Good luck with future training!...A common misconception people have is that all dogs automatically know how to swim...ain't so!


----------



## Sarah Platts (Jan 12, 2010)

mel boschwitz said:


> Just got back from a SAR seminar in East Texas. Did beginning water recovery with my male bloodhound that I started in HR last year. Lisa Higgins was our instructor. She said she has been training water HR for 24years and never worked with a bloodhound on the water. Go figure!
> 
> My male is a horrendous swimmer, so we learned to keep a life vest on him. Fortunately we decided this before the run where he took a header into the water going after source! Once in the water he freaked out and swam to shore, so a swim in circles indication not gonna work! I also dont want to deal with gators trying to make him a snack (although at 100lbs he would be a very large mouthful!).
> 
> ...


We had a large BH doing water cadaver for several years. I think the biggest deterent to using them is their sheer size. When the males can clock in at 120-150lbs and the females up there also, plus they are not the most agile of dogs, can be problems when dealing with smaller water craft. One instance was when the hound was hanging over the side indicating and the handler went up to join him and it it was touch and go if they were going to flip the boat over. It was only a save cause the boat driver dove to the opposite gunnel to counter the weight. Lesson learned about weight distribution.

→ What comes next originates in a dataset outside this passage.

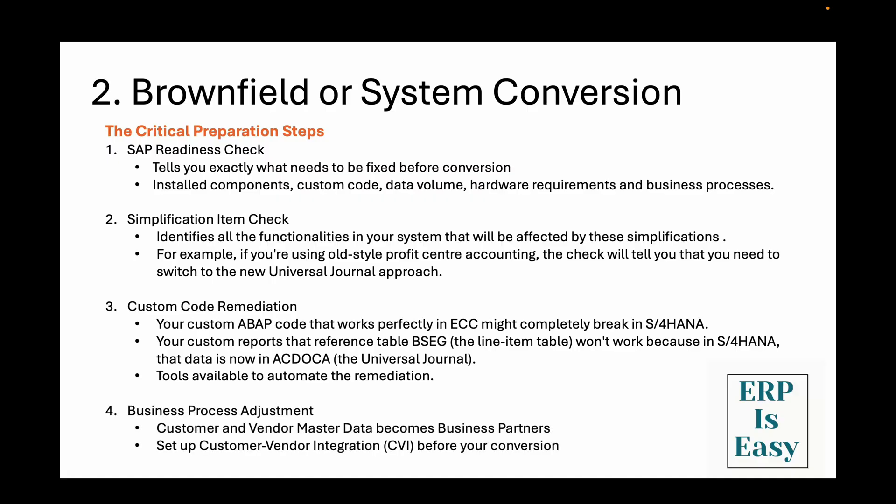The fourth one is business process adjustments, which is the part that really impacts your end users. S4HANA doesn't just change the technology — it changes how you do business. The biggest change is that customer and vendor master data becomes business partners. In ECC, customers and vendors were separate objects. In S4HANA, they are unified under the business partner concept. For example, if company ABC was both your customer and vendor, you would maintain two separate master records in ECC. In S4HANA, company ABC becomes one business partner with multiple roles — customer role and vendor role. You need to set up customer vendor integration, also known as CVI, before your conversion starts. This process can take weeks or even months depending on your data quality and organizational complexity.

I don't know if your hound will scratch but I've heard that used for an alert in boats. Also reaching over to paw the water. What I have found is that dogs can be pretty inventive with finding a new alert when they can't do "the normal". 

Also you might try doing some agility type training with rocker-type boards to let the dog gain some confidence with alerting on unstable surfaces. You set up some problems where the board is wiggling/rocking/shifting as the dog walks over it. Then set up some stuff where the only area to sit at is the unstable surface. More boat time can also help as the dog gets his 'sea legs'. Good luck. Sounds like you had alot of fun!


----------



## Nancy Jocoy (Apr 19, 2006)

LOL got to thinking most bloodhounds I know have giant bear claws on those toes. I can just see that on a zodiac! 

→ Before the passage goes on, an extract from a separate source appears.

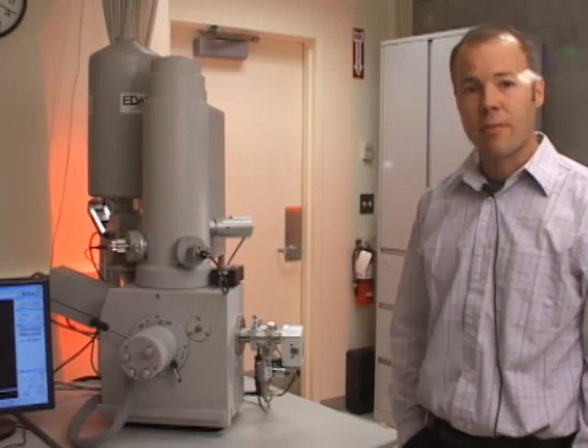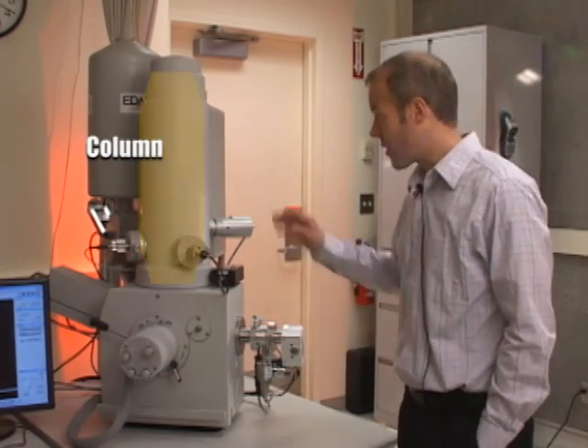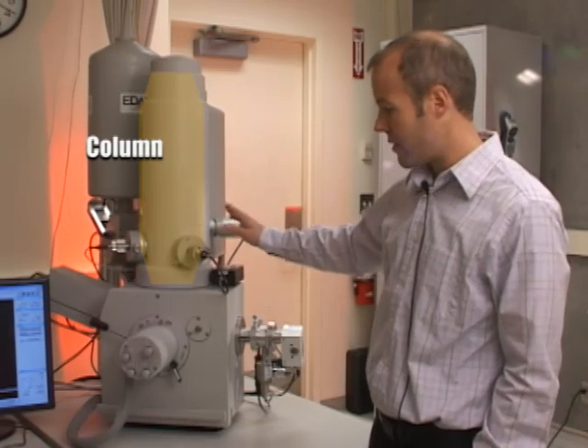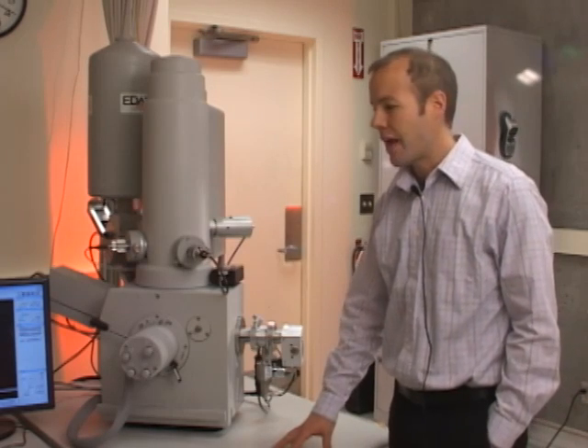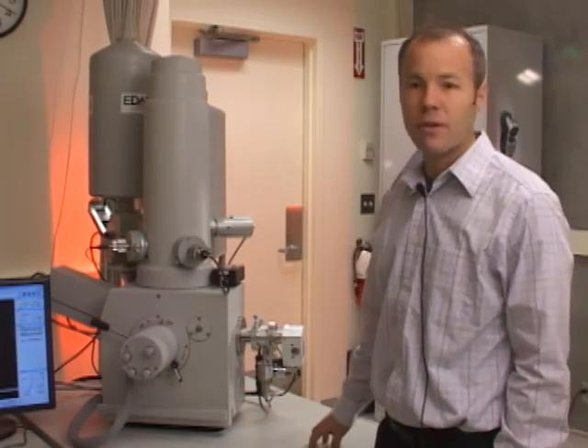The main parts of the microscope are the column — a cylindrical piece — and the chamber, which is the square section at the bottom. The system is mounted on a table, and to the left is the user console where you do all the microscope manipulations.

We almost flipped a jon boat when the motor fouled. The driver and I were in the back unfouling it, and the wind shifted and put the odor coming over the back of the boat. Grim joined both of us hanging off the back of the boat and is bouncing up and down barking. Water started to come over the transom.

Come to think of it that was my drivers very first time in a boat and I think it was her last 

I imagine a big challenge for you will be getting the dog in quickly if it does go in. It does happen. With a rescue one or a jon it is pretty easy to flip a GSD over the gunnels (they will actually hook their back legs over and get themselves in if you push down on their heads) on a carolina skiff (which seems to be the default patrol boat) you can kill the engine and lure them to the step on the back. Not sure what to do on a zodiac but those are normally more in rivers and I would think you would just navigate to the shore hanging onto the collar.


----------



## Sarah Platts (Jan 12, 2010)

Nancy Jocoy said:


> LOL got to thinking most bloodhounds I know have giant bear claws on those toes. I can just see that on a zodiac!
> 
> *Egads, forgot about the dragon claws....!!! *
> 
> I imagine a big challenge for you will be getting the dog in quickly if it does go in. It does happen. With a rescue one or a jon it is pretty easy to flip a GSD over the gunnels (they will actually hook their back legs over and get themselves in if you push down on their heads) on a carolina skiff (which seems to be the default patrol boat) you can kill the engine and lure them to the step on the back. Not sure what to do on a zodiac but those are normally more in rivers and I would think you would just navigate to the shore hanging onto the collar.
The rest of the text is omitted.